Der Kläger hat den ihm angeblich zustehenden Anspruch mit 42.469,77 € errechnet. Auf dieser Grundlage sind für die 1. Instanz zum Zeitpunkt der Klageerhebung in diesem Rechtsstreit folgende Kosten zu erwarten gewesen:
3 Gerichtsgebühren | 1.689,00 | € |
---|---|---|
0,65-fache vorgerichtliche Geschäftsgebühr inkl. Umsatzsteuer (vgl. Teil 3, Vorbem. 3, Abs. 4 VV-RVG) | 926,65 | € |
2,6-fache Verfahrensgebühr inkl. Umsatzsteuer | 3.706,61 | € |
2,4-fache Terminsgebühr inkl. Umsatzsteuer | 3.421,49 | € |
Auslagen, Fahrtkosten pp. (geschätzt) | 200,00 | € |
9.943,75 | € |
Diesem Betrag sind Kosten für die etwaige Einholung eines Sachverständigengutachtens nicht hinzuzurechnen. Zwar ist hierfür ausreichend, dass die Kosten eines Sachverständigengutachtens mit einer gewissen Wahrscheinlichkeit zu erwarten sind (vgl. OLG Brandenburg, Beschluss vom 15. Oktober 2019 - 11 W 24/19). Eine solche Prognose ist derzeit aber nicht möglich. Vielmehr kommt auf der Grundlage des bisherigen Parteivortrags eine Beweisaufnahme nicht in Betracht, weil die Klage derzeit unschlüssig ist und die unter Beweis gestellten Tatsachen nicht entscheidungserheblich sind. Soweit der Kläger die Einholung eines Sachverständigengutachtens angeboten hat, betrifft das lediglich angebliche Auffälligkeiten bei den von ihm angesprochenen Vergleichsfahrzeugen. Dass die insoweit unter Beweis gestellten Ergebnisse eines Sachverständigen aber auf das streitgegenständliche Fahrzeug übertragen werden können, kann dem Vortrag des Klägers in Ermangelung näherer Angaben zu den jeweiligen Motorkennungen nicht entnommen werden.

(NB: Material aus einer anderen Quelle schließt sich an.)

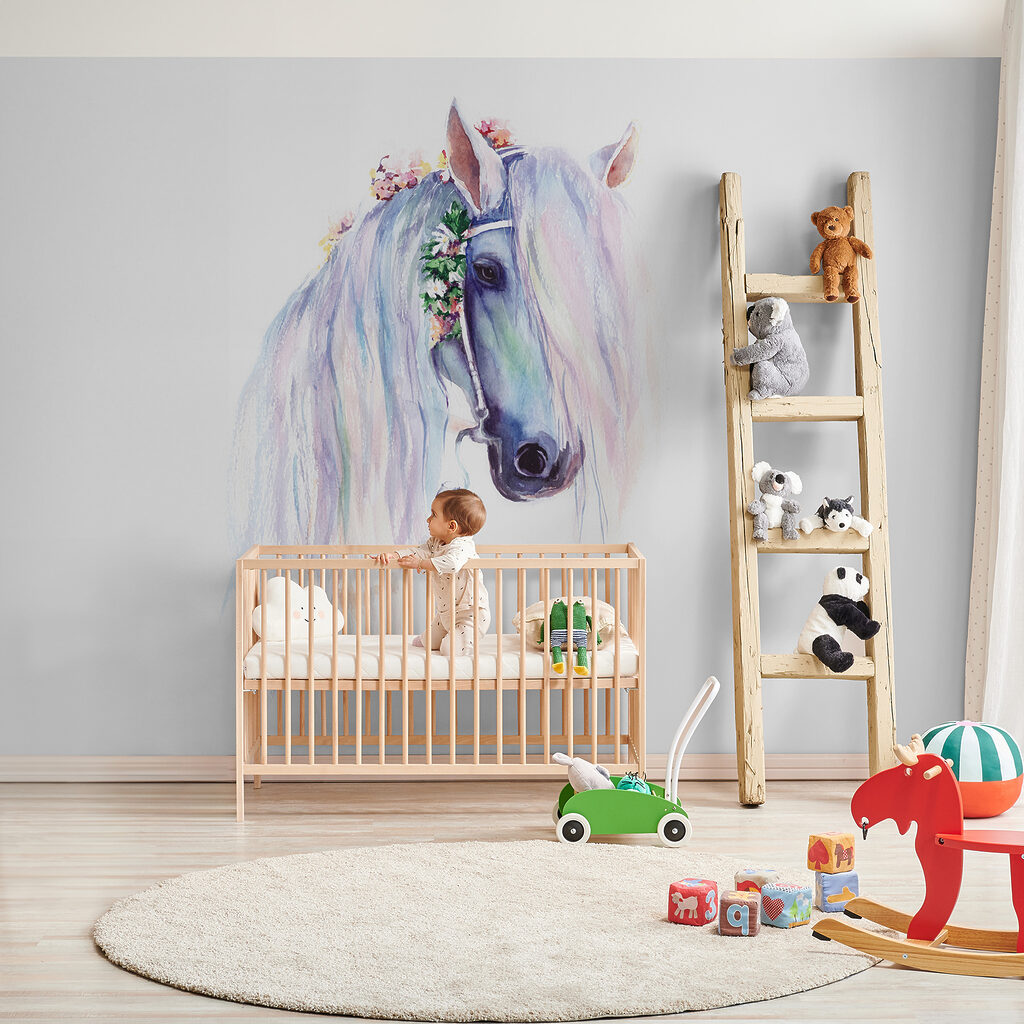 Horse with flower wreath — interior 3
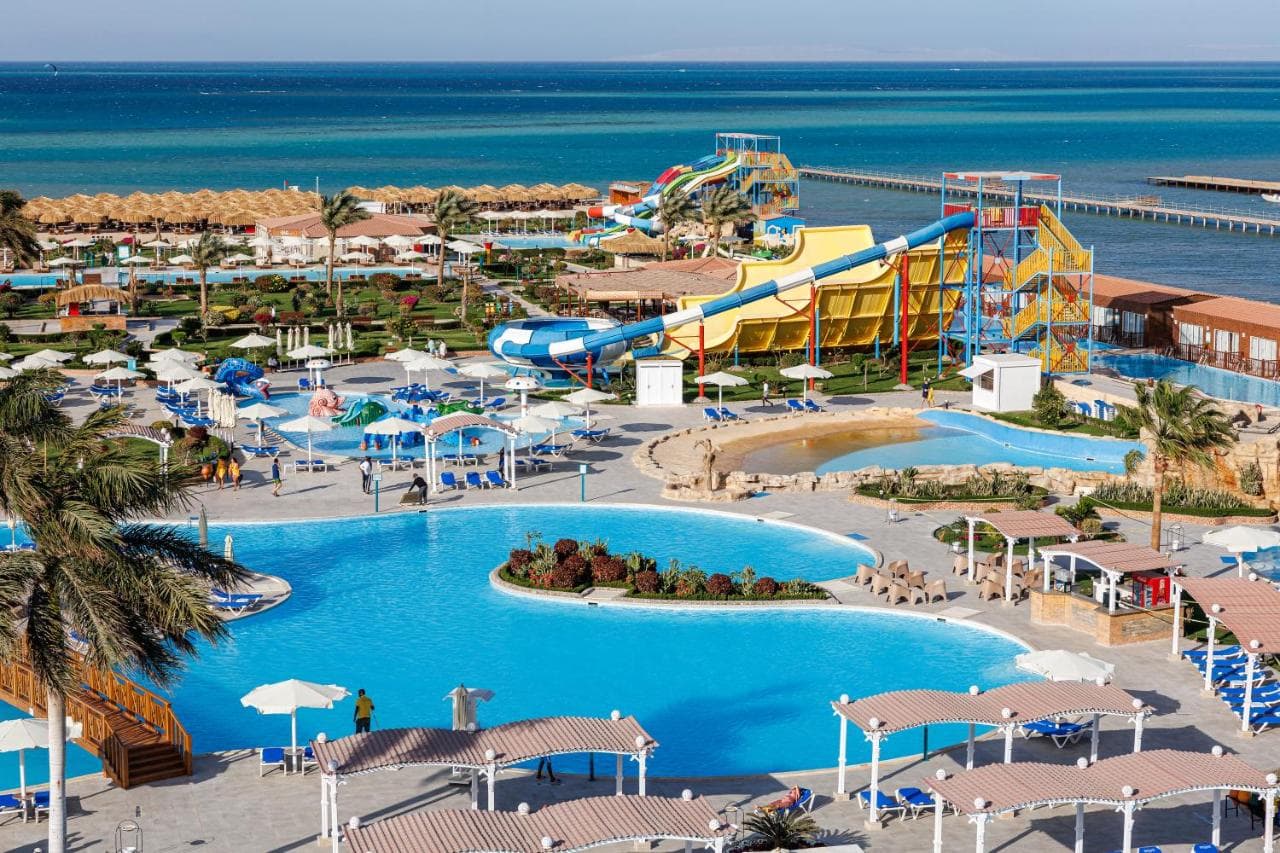 Sunrise Alora Aqua Park Resort main view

Selbst wenn der Kläger auf einen entsprechenden Hinweis des mit der Sache befassten Gerichts noch die Einholung eines Sachverständigengutachtens zum Vorhandensein einer unzulässigen Abschalteinrichtung bzw. eines unzulässigen Thermofensters anbieten sollte, wäre diesem Beweisantritt nicht nachzugehen, solange der Kläger nicht zusätzlich greifbare Anhaltspunkte für einen Vorsatz zumindest eines vormaligen Mitglieds des Verwaltungsrats der Fahrzeugherstellerin (...) oder ihres ... vorträgt. Dass dem Kläger das möglich sein wird, ist derzeit nicht ersichtlich.
Dementsprechend beläuft sich der Streitwert für den Rechtsstreit in 1. Instanz unter Berücksichtigung des Feststellungsabschlags von 20 % für den Anspruch auf Deckungsschutz auf insgesamt 8.928,66 € (9.943,75 € x 0,8 + 973,66 €).
Der Wert für das Berufungsverfahren beläuft sich auf 8.842,03 € (9.943,75 € x 0,8 + 887,03 €).